The Supreme Court rejected that formulation: “The generalized Lockett rule (that the sentencer must be allowed to consider any mitigating evidence) could be thought to support the Court’s conclusion in Mills and [a second case]. But what is essential here is that it does not mandate the Mills rule.” Beard, 542 U.S. at 414, 124 S.Ct. 2504; see also id. at 416, 124 S.Ct. 2504 (rejecting as insufficient, for purposes of the Teague analysis, that “the Lockett principle — conceived of at a high level of generality — could be thought to support the Mills rule”). Instead, the Court asked whether, considering the more specific rules announced in Lockett and Mills, “reasonable jurists could have concluded that the Lockett line of cases did not compel Mills.” Beard, 542 U.S. at 416, 124 S.Ct. 2504; see also Gray v. Netherland, 518 U.S. 152, 169, 116 S.Ct. 2074, 135 L.Ed.2d 457 (1996) (rejecting as too broad the formulation of a rule that “a capital defendant must be afforded a meaningful opportunity to explain or deny the evidence introduced against him at sentencing”: “the new-rule doctrine ‘would be meaningless if applied at this level of generality’ ” (quoting Sawyer, 497 U.S. at 236, 110 S.Ct. 2822)); Gilmore v. Taylor, 508 U.S. 333, 344, 113. S.Ct. 2112, 124 L.Ed.2d 306 (1993) (rejecting as too broad the formulation of a rule that “the right to present a defense includes the right to have the jury consider it, and that confusing instructions on state law which prevent a jury from considering an affirmative defense therefore violate due process”: “the level of generality at which [the habeas petitioner] invokes this line of cases is far too great to provide any meaningful guidance for purposes of our Teague inquiry”).

With that guidance in mind, we must reject Petitioner’s proposed formulation of the rule: “[A] state may not arbitrarily inflict the death penalty.” We agree with Petitioner that Furman and Gregg “articulate a general Eighth Amendment standard that the death penalty is unconstitutional if imposed arbitrarily.” Andrews, 798 F.3d at 790. But the Supreme Court precedent discussed above does not allow us to define the “rule” for Teague purposes at such a high level of generality. Just as the Supreme Court rejected the proposed rule in Sawyer — -“reliability in sentencing” — even though its prior cases supported that general proposition, we must reject as too broad a rule that prohibits “arbitrariness” in imposing the death penalty.

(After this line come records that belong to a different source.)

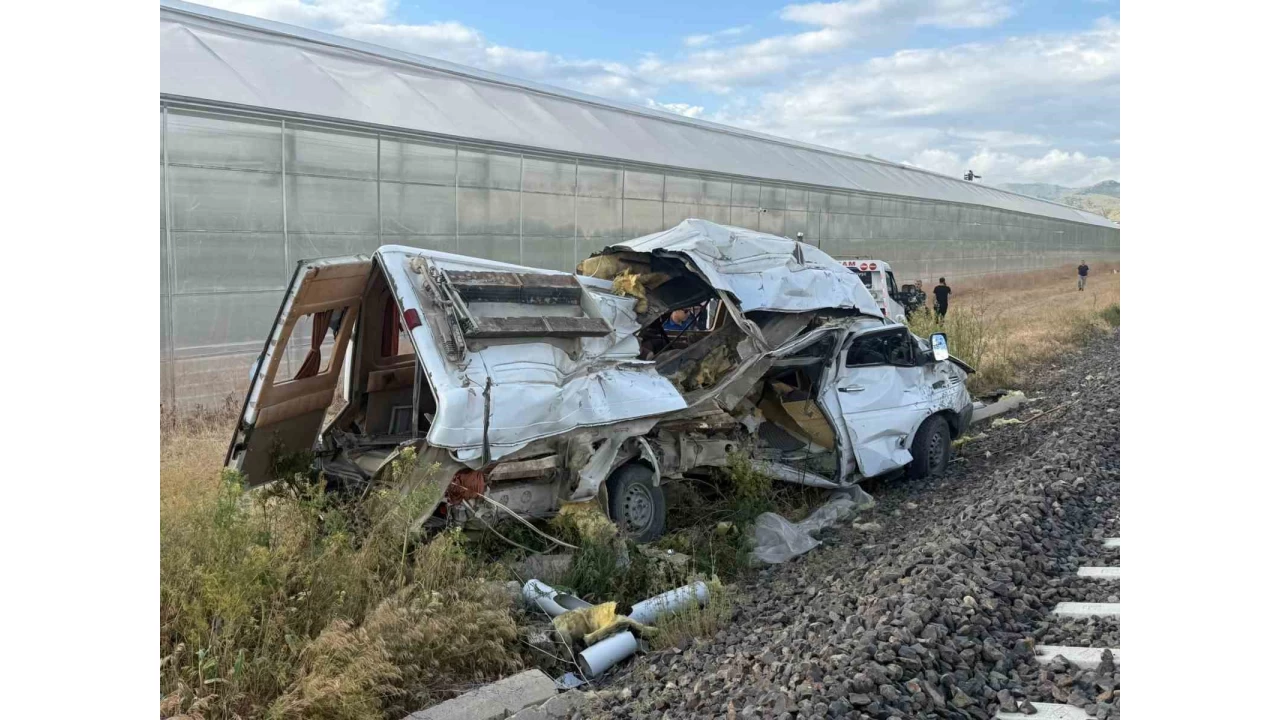 Afyonkarahisar'da tren minibüse çarptı: 1 yaralı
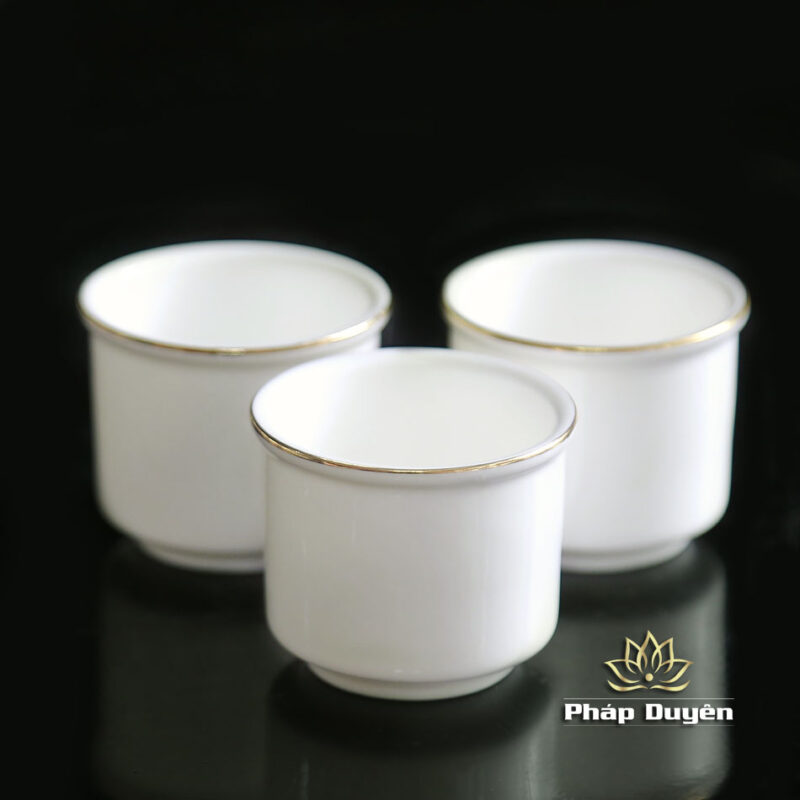Bộ Kỷ 3 Chén Nước Bằng Sứ Trắng Viền Vàng - Ảnh 2
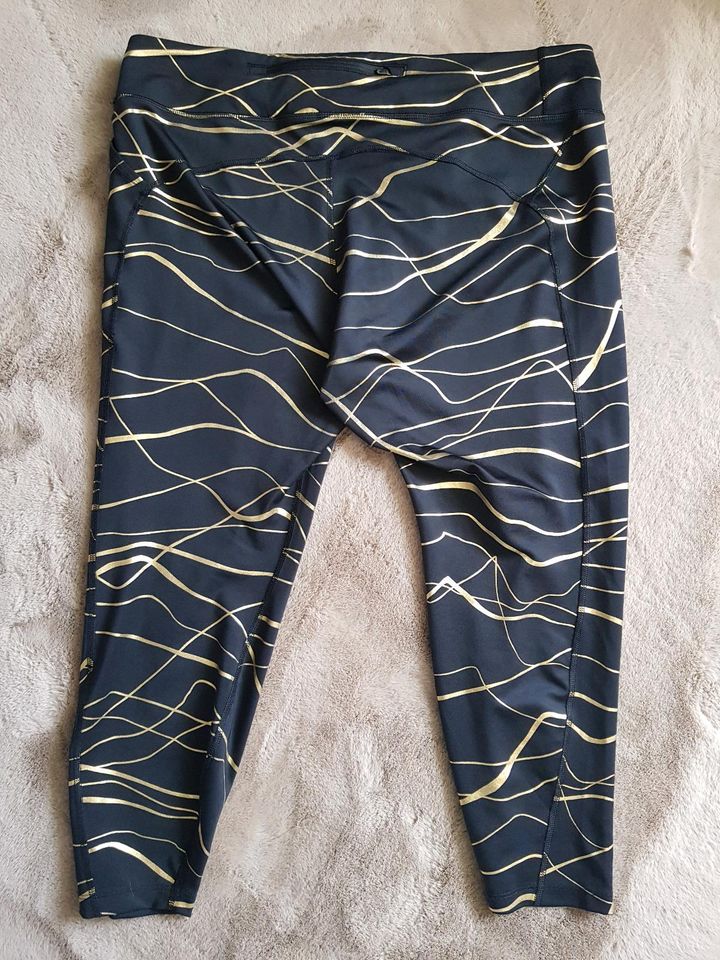 Nike Running Plus Leggings Schwarz Gold XL XXL Gym Sportleggings in Rotenburg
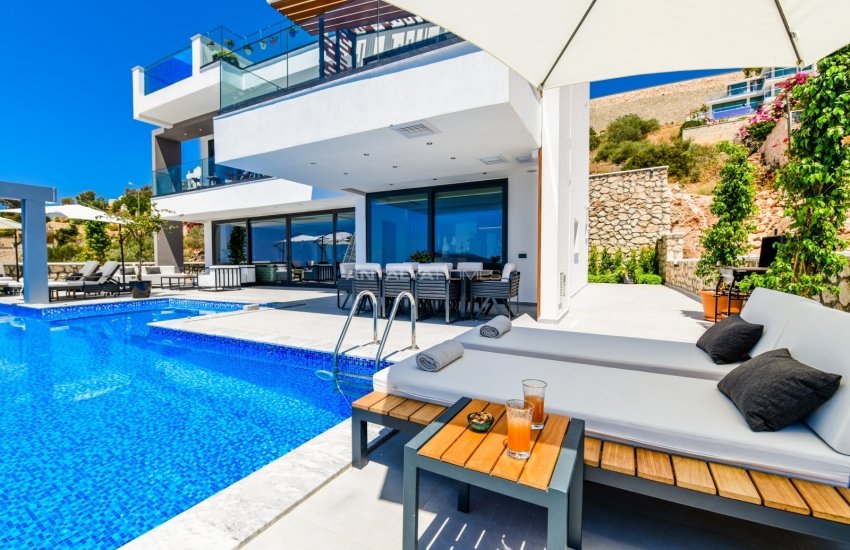 Ultra Luxurious Villa with 3 Swimming Pools in Kalkan 30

Although Furman condemned one specific form of arbitrariness related to the death penalty, it does not necessarily follow that Furman dictates the result in all other challenges to the death penalty under the banner of “arbitrariness.” Instead, we must examine whether, in 2003, reasonable jurists would have been compelled to conclude that the Eighth Amendment prohibited not only the form of arbitrariness prohibited by Furman, but also the form of arbitrariness alleged by Petitioner.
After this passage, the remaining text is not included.